Reunions are much like what I-66 and others have alluded to: voyeuristic opportunities to see how well/poor your former classmates turned out.

Otherwise, you're just going to hang out with the people you still keep in touch with, if any.

2:53 PM  
Blogger Washington Cube said...

Velvet: Most people in this town seem to have come from somewhere else....to me, anyway. I am in touch with a few native borns, like myself,and I can assure you we joke about the rara avis status.

Reya: High school was an odd thing. It tripled my social world, but immediately after graduation...maybe one or two years beyond, I still saw "some" of those people, then no one. And for those remaining in D.C.? I never run into any of them...VERY rare, and that strikes me as odd too.

Phil: I would expect you to show up for your high school reunion in a lime green 1959 Cadillac with a stuffed beaver on the hood and clouds of cosmic dust poofing out as your opening the door. Conway Twitty's "It's Only Make Believe" when you honk the horn, and a whistle tip welded inside your exhaust pipe, Bubb Rubb blowing out the sound system.

http://www.youtube.com/watch?v=ccgXjA2BLEY

http://www.youtube.com/watch?v=V5K7uh0iVDs

3:14 PM  
Anonymous Anonymous said...

High School was strange, at least you had boys there?

6:53 PM  
Blogger Washington Cube said...

M.A. All of my schools were co-educational until the third (out of four) colleges. As for that third, by then, I was there strictly for attention to my studies, plow through, get the degree and move on, so it wasn't a hardship. Well..it was a hardship. Being me, if I had to read 10 books, I read 100. I wanted a true, pure education.

I doubt very seriously I would have liked going to a girl's high school or the first college, and yes, I've read the studies and heard the arguments as to why it can be beneficial to women. I'm not quite sure I agree with that blanket belief.

The last of my two schools were graduate schools, and I think I appreciated being returned into a competitive field where I had to be good with a true sampling of society genderwise: not off protected and nurtured in that cloister (literally) where I had been....not that they didn't put me over the rack.

I'll tell you a funny (true) story. In that school, a priest was the Chairman of my department. When he heard I had been accepted into Georgetown for what proved my final graduate study, he said, "Good. Now the Jesuits will get their hands on you." By that he meant, "If you thought I made your life hell, you are about to learn how to redefine hell."

Personally, I felt those professors (for the most part...not all) were there to see me push and achieve to the best of my ability. One thing I've pointed out to those in academia who complain about "tough teachers," ...They WANT you to succeed. When you gather those awards, honors and Latin words after your name? It only makes them look good and gives them more clout bringing honor to them, their tenure, the department and ultimately the school. We were there to see me work hard, and work hard I did. At times, I miss that challenge.

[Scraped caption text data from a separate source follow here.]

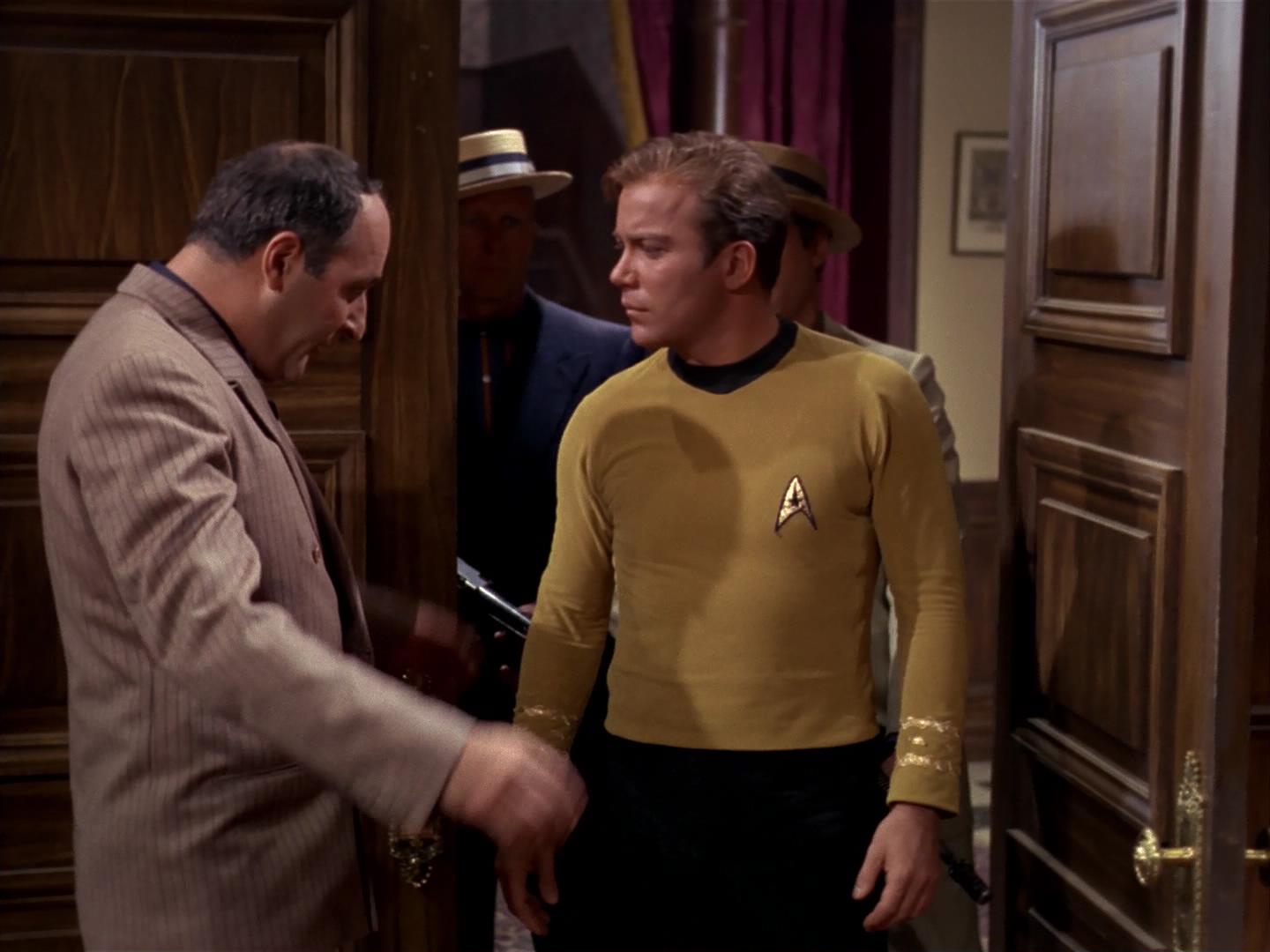 ariane179254_StarTrek_2x17_APieceOfTheAction_1261.jpg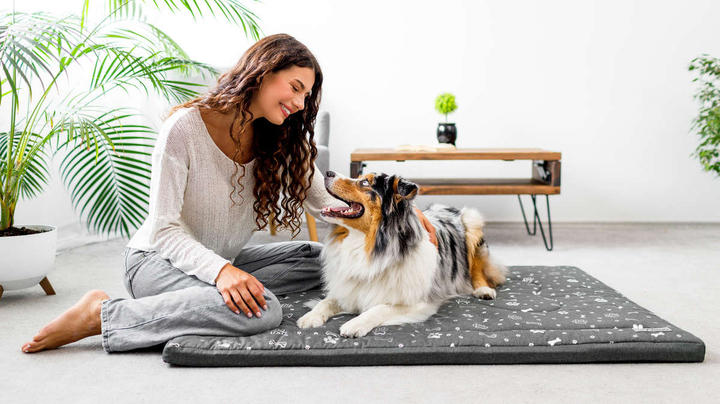 Legowisko materac dla psa Welsti ciemny szary srebrne kości i łapki XL 130x90 wigofil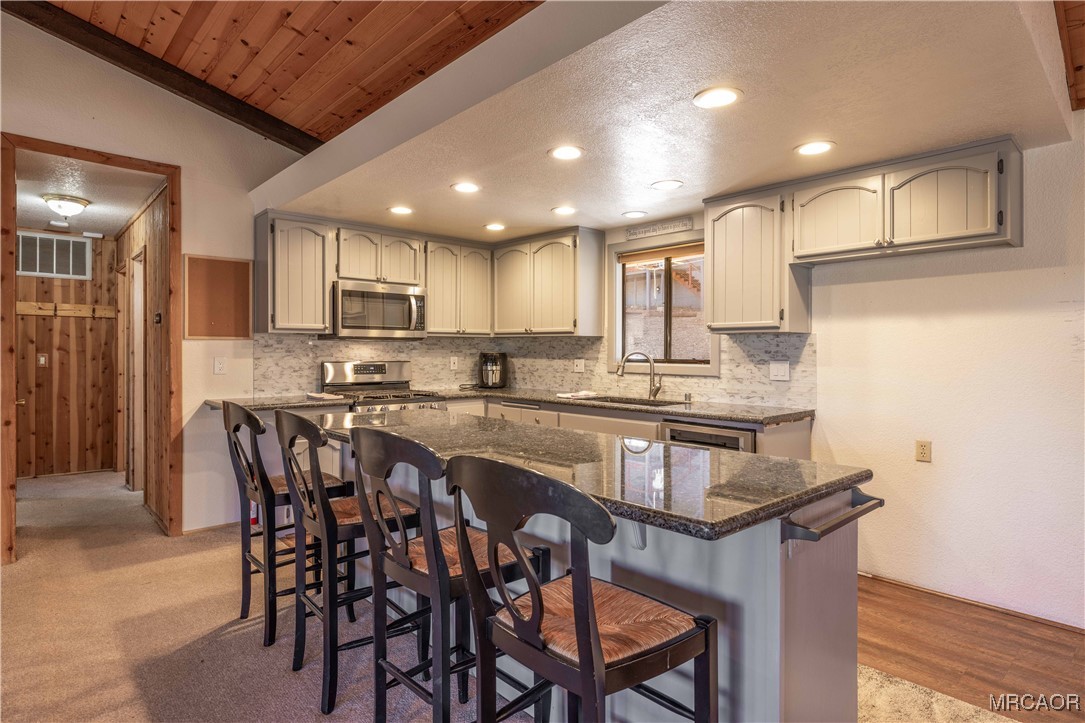 1411 Klamath Road Property Photo 20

Don't misread that. I had a few professors that were pure poison full of their own pathologies in wanting me to fail, or finding ways to try to make me fail. Someone could have a blog of nothing but rotten experiences in academia. People would flock to it. You would think people, especially at graduate level, being intelligent, would behave better, but no. You find all of the worst in any public institution, including those dedicated to your education.

I tried my best to stick it out with the bad eggs(dropping a few if need be) and trying to not let their sickness destroy my work or distract me.

I went back to school last summer and took a lot of computer courses: XHTML (and advanced), Photoshop (and adv.), Dreamweaver (adv.), CSS, Fireworks..some other things...it was a crash and burn summer for two months. Sometimes the night classes overlapped in when they started, and I was getting home really, really "I'm too tired to be behind the wheel of a car tired" late. Won't be doing that this summer.

7:50 PM  
Blogger Dinner4Drew said...

http://kids.aol.com/games/online-games/boogar-bowling

8:44 PM  
Blogger Bobby D. said...

Wow this was a post among posts--it took me back to the very tumultuous / confusing years of high school.


I haven't looked at any of those websites. I went to 3 different High schools (located on both coasts) I didn't graduate with the either of the schools that I knew best-but with a third school where I seemed to be completely invisible (seriously!) I have been invited to attend reunions from both school #1 and #2 but never from #3, which can only mean I was actually invisible.
I briefly considered attending reunions I was invited to, but never did. One school "reunites" ever 5 years!

11:02 AM  
Blogger Washington Cube said...

DCB: Thanks for the compliment. I spend hours writing about boogers. I give and give and give....

I think this school does an "every five" thing, too...or it did. I was telling some friends about looking at those pictures, and how they've upset me. Not just for those pictured, but the missing ones...who've been missing a long time. One friend said, "There's the devil to pay sometimes when you open certain doors," and he was right.